• **Task statement**: Below are the records; print them again exactly and omit the pictures.
Data shown START
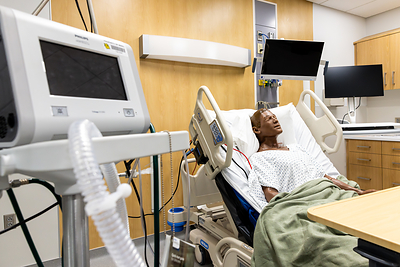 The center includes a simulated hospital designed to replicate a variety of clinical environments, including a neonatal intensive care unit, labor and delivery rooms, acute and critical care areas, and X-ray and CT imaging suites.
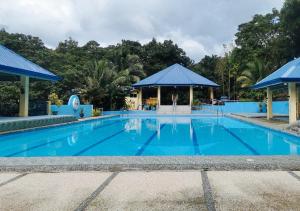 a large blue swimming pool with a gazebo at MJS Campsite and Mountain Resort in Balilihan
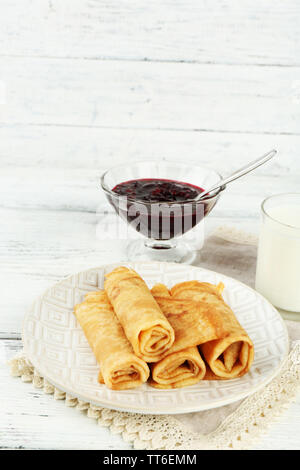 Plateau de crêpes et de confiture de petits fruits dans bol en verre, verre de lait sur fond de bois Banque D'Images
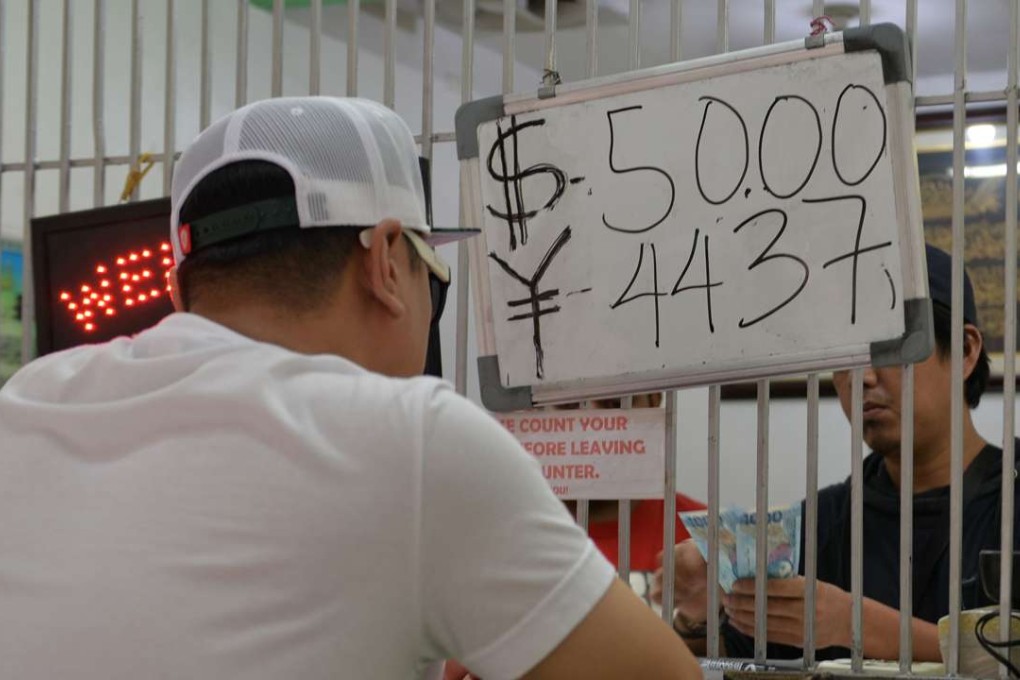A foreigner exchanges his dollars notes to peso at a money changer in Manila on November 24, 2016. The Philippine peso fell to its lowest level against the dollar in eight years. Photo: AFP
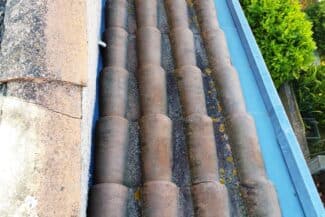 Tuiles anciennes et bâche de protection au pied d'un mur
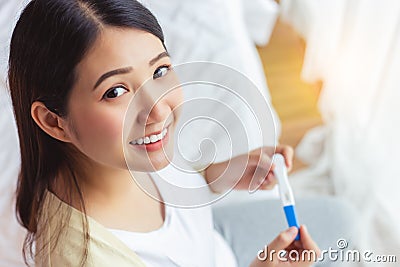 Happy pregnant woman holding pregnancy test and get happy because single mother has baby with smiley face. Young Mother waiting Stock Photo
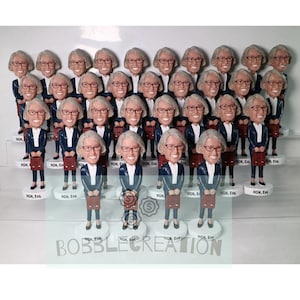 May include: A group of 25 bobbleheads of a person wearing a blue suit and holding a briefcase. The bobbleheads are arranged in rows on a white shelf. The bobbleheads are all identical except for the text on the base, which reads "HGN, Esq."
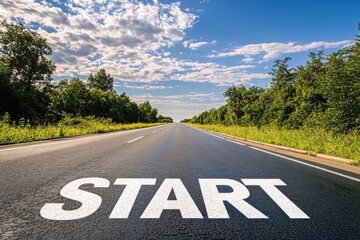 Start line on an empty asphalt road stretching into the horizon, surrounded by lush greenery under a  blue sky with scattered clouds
Data shown END
• **Solution for this task**:
 The center includes a simulated hospital designed to replicate a variety of clinical environments, including a neonatal intensive care unit, labor and delivery rooms, acute and critical care areas, and X-ray and CT imaging suites.
 a large blue swimming pool with a gazebo at MJS Campsite and Mountain Resort in Balilihan
 Plateau de crêpes et de confiture de petits fruits dans bol en verre, verre de lait sur fond de bois Banque D'Images
A foreigner exchanges his dollars notes to peso at a money changer in Manila on November 24, 2016. The Philippine peso fell to its lowest level against the dollar in eight years. Photo: AFP
 Tuiles anciennes et bâche de protection au pied d'un mur
 Happy pregnant woman holding pregnancy test and get happy because single mother has baby with smiley face. Young Mother waiting Stock Photo
 May include: A group of 25 bobbleheads of a person wearing a blue suit and holding a briefcase. The bobbleheads are arranged in rows on a white shelf. The bobbleheads are all identical except for the text on the base, which reads "HGN, Esq."
 Start line on an empty asphalt road stretching into the horizon, surrounded by lush greenery under a  blue sky with scattered clouds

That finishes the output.